In 2009 I had “tinnitus,” i.e. ringing in my ear. I went through a battery of tests — hearing tests, even an MRI scan. The doctors couldn’t help me. Thank God it eventually went away on its own, but it took months. It scared the hell out of me in the meantime.
That same year I took a class in mindfulness-based stress reduction. I learned how to focus on my breath and slow my heart rate. I learned to do walking meditation. I listened to Guided Mindfulness Meditation series 1 CDs of mindfulness guru Jon Kabat-Zinn. But the most profound thing that came out of that class was a skill that I’ll refer to as peeling away the layers of an onion. It was on one particular occasion: at four in the morning, when I was really sick, my mind was racing, and I couldn’t sleep even though I desperately wanted to. First I slowed my heart rate. Then I was able to distinguish that I had 7 distinct thoughts simultaneously and quiet them one by one — like the thoughts were strands of a rope I was unraveling one at a time. It was quite a surreal experience; actually it really scared me.

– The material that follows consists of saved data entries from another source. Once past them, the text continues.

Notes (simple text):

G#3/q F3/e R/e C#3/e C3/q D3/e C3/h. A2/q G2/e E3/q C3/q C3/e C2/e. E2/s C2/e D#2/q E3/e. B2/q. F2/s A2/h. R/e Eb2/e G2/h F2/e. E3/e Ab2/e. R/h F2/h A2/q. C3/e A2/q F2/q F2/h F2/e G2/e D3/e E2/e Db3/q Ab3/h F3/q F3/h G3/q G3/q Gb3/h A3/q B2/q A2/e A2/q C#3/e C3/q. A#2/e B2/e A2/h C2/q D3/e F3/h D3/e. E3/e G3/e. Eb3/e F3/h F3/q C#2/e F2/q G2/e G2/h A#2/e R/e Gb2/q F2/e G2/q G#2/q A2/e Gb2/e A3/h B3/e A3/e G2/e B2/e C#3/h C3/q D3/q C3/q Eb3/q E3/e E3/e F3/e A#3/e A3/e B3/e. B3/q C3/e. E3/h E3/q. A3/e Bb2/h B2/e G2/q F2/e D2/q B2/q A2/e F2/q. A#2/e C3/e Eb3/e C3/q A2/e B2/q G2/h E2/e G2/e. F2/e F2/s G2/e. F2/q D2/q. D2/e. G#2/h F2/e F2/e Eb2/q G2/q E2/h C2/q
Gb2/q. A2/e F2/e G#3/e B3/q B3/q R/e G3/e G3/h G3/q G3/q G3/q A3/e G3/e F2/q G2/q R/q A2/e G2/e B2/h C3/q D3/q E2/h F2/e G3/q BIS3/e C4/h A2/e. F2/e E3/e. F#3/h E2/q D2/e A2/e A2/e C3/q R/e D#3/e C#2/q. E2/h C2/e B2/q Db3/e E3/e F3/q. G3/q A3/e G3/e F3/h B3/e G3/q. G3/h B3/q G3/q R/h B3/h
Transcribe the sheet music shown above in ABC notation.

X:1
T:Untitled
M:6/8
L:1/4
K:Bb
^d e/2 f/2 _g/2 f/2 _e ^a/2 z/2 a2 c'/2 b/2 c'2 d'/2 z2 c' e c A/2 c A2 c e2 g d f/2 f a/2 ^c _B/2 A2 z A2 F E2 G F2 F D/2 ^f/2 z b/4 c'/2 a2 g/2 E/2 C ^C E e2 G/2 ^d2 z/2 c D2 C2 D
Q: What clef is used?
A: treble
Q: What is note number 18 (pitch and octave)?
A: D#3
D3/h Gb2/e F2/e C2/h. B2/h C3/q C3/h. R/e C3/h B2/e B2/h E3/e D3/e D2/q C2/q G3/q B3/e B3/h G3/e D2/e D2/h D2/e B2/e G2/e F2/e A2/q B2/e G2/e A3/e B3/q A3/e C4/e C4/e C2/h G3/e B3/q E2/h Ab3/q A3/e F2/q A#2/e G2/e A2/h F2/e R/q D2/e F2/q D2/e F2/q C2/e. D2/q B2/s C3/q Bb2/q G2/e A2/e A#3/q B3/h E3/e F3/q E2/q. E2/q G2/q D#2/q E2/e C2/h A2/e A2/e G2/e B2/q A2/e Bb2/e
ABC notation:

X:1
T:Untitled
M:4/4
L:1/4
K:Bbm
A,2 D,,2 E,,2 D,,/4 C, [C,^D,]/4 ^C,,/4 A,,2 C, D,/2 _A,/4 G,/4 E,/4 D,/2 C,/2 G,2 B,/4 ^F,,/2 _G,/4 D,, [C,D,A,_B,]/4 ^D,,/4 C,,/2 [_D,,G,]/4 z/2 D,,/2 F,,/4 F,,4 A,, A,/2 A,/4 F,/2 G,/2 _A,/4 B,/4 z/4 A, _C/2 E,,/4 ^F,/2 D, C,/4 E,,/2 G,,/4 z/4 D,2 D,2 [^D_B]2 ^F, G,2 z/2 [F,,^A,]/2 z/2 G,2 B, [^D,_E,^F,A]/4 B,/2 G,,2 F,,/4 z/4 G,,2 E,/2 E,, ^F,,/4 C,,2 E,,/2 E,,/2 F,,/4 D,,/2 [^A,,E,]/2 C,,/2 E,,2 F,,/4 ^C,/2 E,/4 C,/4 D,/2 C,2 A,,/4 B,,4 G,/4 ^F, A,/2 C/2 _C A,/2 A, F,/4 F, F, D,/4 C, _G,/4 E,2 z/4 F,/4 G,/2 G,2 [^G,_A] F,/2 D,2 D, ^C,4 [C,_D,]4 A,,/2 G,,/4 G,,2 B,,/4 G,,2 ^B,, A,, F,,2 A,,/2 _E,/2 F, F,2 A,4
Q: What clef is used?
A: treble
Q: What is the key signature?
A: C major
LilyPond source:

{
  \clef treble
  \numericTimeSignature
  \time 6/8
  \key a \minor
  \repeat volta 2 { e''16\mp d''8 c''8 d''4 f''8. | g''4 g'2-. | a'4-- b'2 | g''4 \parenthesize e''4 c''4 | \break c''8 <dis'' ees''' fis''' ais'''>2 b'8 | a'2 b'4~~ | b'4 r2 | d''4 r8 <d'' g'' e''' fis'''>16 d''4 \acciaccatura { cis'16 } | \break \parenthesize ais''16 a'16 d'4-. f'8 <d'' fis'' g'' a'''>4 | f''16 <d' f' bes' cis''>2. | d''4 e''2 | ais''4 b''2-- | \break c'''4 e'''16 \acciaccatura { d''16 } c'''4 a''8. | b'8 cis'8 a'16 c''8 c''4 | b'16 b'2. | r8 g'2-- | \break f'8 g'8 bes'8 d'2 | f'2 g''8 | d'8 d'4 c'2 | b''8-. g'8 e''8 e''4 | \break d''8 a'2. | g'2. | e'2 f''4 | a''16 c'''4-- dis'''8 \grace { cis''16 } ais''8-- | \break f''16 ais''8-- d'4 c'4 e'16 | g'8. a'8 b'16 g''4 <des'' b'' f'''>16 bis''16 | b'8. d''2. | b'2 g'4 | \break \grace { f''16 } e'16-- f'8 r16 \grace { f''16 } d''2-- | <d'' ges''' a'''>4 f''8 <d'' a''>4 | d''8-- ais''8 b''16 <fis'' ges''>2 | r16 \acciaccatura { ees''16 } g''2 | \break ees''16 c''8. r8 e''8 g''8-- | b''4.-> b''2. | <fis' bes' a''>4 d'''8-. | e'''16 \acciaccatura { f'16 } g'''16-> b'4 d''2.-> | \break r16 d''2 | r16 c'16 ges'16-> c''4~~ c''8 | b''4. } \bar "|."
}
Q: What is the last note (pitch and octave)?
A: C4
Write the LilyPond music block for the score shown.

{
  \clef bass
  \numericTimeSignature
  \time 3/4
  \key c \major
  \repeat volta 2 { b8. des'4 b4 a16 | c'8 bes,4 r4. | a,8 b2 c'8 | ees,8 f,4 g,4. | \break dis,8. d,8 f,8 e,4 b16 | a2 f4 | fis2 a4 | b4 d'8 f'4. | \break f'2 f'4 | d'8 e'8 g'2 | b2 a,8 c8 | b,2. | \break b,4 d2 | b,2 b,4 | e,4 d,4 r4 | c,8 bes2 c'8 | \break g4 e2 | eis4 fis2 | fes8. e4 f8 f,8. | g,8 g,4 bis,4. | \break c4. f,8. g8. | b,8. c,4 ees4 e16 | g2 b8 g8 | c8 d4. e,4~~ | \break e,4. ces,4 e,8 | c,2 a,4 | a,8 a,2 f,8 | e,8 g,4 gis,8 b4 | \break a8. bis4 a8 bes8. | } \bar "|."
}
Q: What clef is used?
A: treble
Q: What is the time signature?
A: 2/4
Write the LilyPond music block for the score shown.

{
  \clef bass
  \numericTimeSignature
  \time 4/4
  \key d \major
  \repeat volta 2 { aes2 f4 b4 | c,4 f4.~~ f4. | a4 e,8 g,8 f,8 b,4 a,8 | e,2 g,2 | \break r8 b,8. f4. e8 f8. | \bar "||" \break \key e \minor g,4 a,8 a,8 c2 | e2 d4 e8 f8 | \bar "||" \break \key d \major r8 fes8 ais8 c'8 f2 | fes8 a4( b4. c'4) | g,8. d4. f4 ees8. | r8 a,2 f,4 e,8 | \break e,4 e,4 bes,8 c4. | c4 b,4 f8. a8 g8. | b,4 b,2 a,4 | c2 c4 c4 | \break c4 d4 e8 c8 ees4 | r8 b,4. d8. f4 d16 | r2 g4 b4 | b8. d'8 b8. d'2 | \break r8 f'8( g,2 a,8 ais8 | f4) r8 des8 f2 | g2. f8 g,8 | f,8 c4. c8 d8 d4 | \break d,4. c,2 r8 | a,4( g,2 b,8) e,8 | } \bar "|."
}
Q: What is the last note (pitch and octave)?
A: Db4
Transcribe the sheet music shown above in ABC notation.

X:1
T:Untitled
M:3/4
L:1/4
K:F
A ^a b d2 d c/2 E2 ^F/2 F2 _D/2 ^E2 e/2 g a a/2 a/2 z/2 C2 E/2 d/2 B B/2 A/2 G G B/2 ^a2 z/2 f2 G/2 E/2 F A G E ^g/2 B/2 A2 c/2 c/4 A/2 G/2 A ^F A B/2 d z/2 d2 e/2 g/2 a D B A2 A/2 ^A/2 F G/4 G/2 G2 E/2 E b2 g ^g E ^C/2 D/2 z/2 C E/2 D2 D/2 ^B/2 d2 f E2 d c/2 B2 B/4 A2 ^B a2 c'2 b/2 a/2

I didn’t see the connection between the mindfulness and the tinnitus until now, seven years later. I was watching a talk by Jonathan Fields, of the super-popular Good Life Project podcast. In the video (below), Jonathan describes his experience with tinnitus, which unfortunately never went away for him like it did for me. He tried so many things, and none of them worked. Then he tried mindfulness. He ran headlong into acceptance of the ceaseless sounds in his head by focusing on the sounds themselves instead of his breath. The very thing he was running away from he eventually embraced. Tinnitus became his gateway into mindfulness, and it changed his life fundamentally. Jonathan shared this quote from Joseph Campbell, which touches my soul:
“It is by going down into the abyss that we recover the treasures of life. Where you stumble, there lies your treasure. The very cave you are afraid to enter turns out to be the source of what you are looking for. The damned thing in the cave that was so dreaded has become the center. You find the jewel, and it draws you off.”
This reminds me of something I learned from the monks in India on a trip to Oneness University. The Oneness monk said, “Let the tiger devour you.” Whether you’re feeling fear, anxiety, pain, or some other uncomfortable feeling — instead of running from it, trying to dissipate it or repress it, let the tiger devour you. Just let the feeling engulf you. That’s where the freedom lies.